Каким я увидел его? Наверное, многоликим. Деланно безразличным и притворяющимся, ревнивым и удивленным. Но всегда очень мудрым человеком, прорицателем, не ведавшим ошибок. С таким количеством переменных, какие возникали на его профессиональном пути, мог справиться лишь разум, должным образом подготовленный
— математически, педагогически, профессионально. Основой всего этого являлась ежеминутная внутренняя духовная работа. ВВ, как мне казалось, проделывал ее автоматически. Он был так устроен. Практически каждый человек, находившийся рядом с ним, попадал в зону его «рентгеновских лучей». Он порой провоцировал собеседника, умышленно высказывал заведомо «непричесанные» фразы и наблюдал за тем, как оппонент реагирует на них, насколько сильна в нем тяга и способность к абстрактному мышлению. Иногда ему приятно было чувствовать себя этаким вещателем истин, пророком. Он умел облекать слова в изысканные формы, словно они исходили не от него, а являлись аксиомами то ли философии, то ли человеческой природы, то ли футбола.Именно поэтому с ним было непросто полемизировать. Лобановский излучал такой мощный пучок уверенности в своей правоте, что противоположная точка зрения почти всегда сгорала в его пламени, если только не подтверждалась неопровержимой аргументацией. При этом Валерий Васильевич оставлял за собой право подвести итог спора. Уверен: это все он делал умышленно, пытаясь манипулировать собеседником и как бы сканируя его на основательность.
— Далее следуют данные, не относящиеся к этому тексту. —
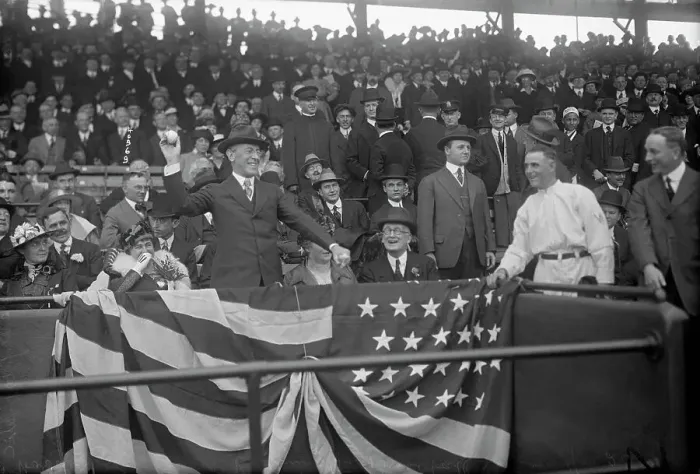 Framed Print : Woodrow Wilson Throwing First Ball of Season Framed Print : Woodrow Wilson Throwing First Ball of Season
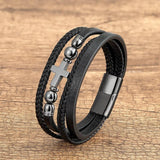 Vintage Cross Bracelet Tiger Eye Stone Stainless Steel Clasp Bangles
Признаюсь, однажды я не выдержал такого экзамена и высказал свое категорическое несогласие с позицией Лобановского. Тогда от назвал меня безнадежным homo soveticus в непозволительно резкой форме. Каково же было мое удивление, когда спокойно дослушав гневную тираду, он улыбнулся и, как ни в чем не бывало, продолжил беседу. С одной лишь разницей
— с тех пор уже ВВ и сам был куда откровеннее и конкретнее в оценке тех или иных событий.Таким он для меня и останется
— большим, незыблемым, словно глыба, умевшим заглянуть в отдаленные уголки человеческой души. Он был не просто футбольным тренером, но еще и человеком, к которому можно было прийти за знаниями или, как я, не ведая того, — на исповедь».* * *
Если перефразировать известную фразу Марка Твена: «Слухи о моей смерти несколько преувеличены», напечатанную на следующий день после ошибочного сообщения о его кончине в одной из американских газет, то можно смело утверждать: на протяжении всей своей жизни, вопреки устоявшемуся мнению о том, что мэтр никогда нее дружил с журналистами, Лобановский поддерживал самые тесные, можно даже сказать, дружеские отношения с тремя мастерами пера — москвичами Валерием Березовским и Александром Горбуновым, а также с главным редактором немецкого журнала «Киккер» Карлом-Хайнцем Хайманном.